> Crawled caption data:
- - - -

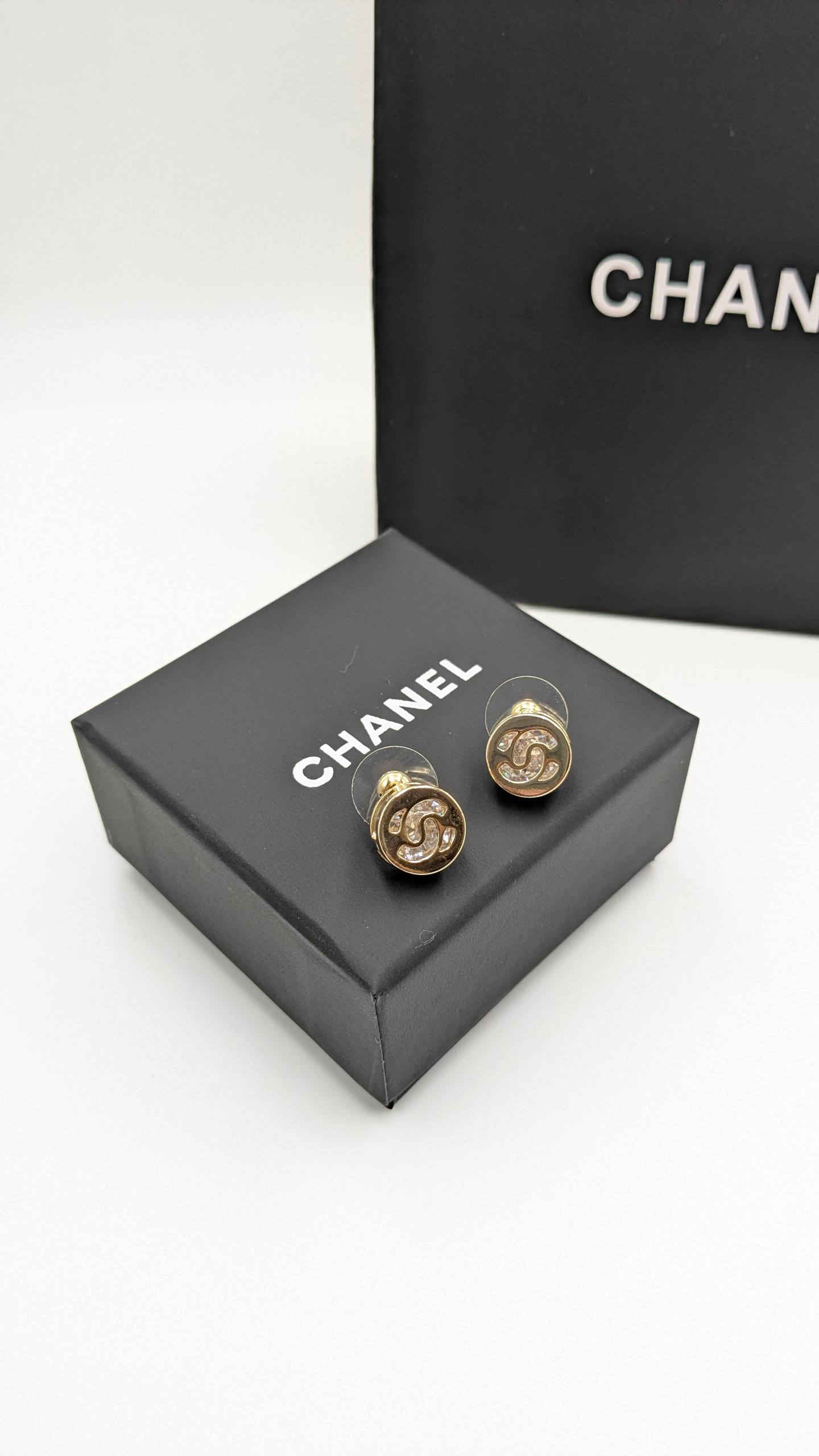 Chanel

normal box🎁

70 dhs❣️

Zain210
♥️♥️♥️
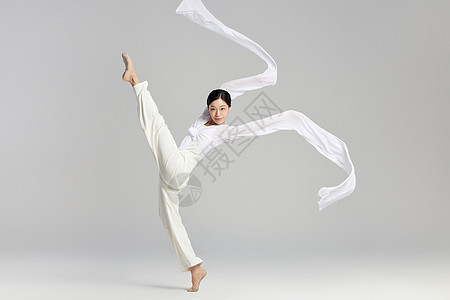青年女性舞者跳柔美水袖舞背景图片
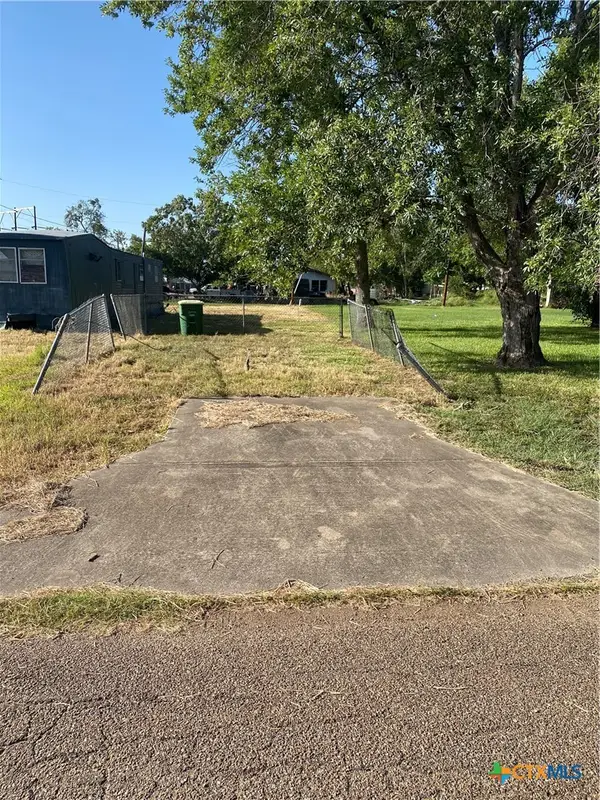 4504 Morris Street, Victoria, TX 77901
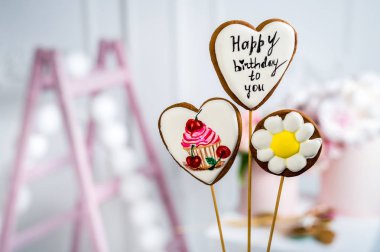 Lezzetli kek bulanık bir arka plan üzerinde yazıt ile bir sopa. Yatay Çerçeve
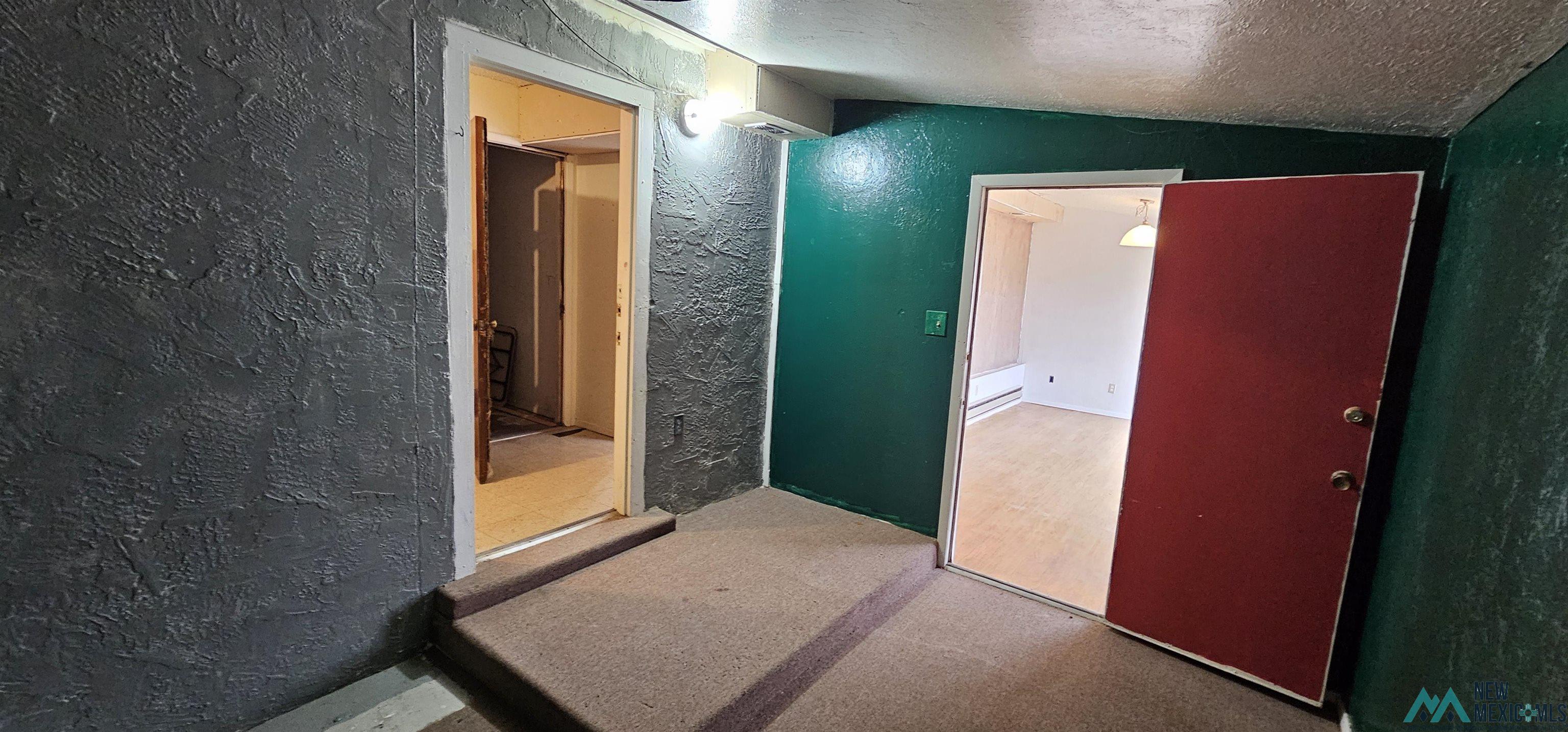 Portales, New Mexico 88130, United States, 3 Bedrooms Bedrooms, ,2 BathroomsBathrooms,Residential,Pending,59184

- - - -

With images omitted, output the data exactly as given.

> Finished exercise:
 Chanel

normal box🎁

70 dhs❣️

Zain210
♥️♥️♥️
青年女性舞者跳柔美水袖舞背景图片
 4504 Morris Street, Victoria, TX 77901
 Lezzetli kek bulanık bir arka plan üzerinde yazıt ile bir sopa. Yatay Çerçeve
 Portales, New Mexico 88130, United States, 3 Bedrooms Bedrooms, ,2 BathroomsBathrooms,Residential,Pending,59184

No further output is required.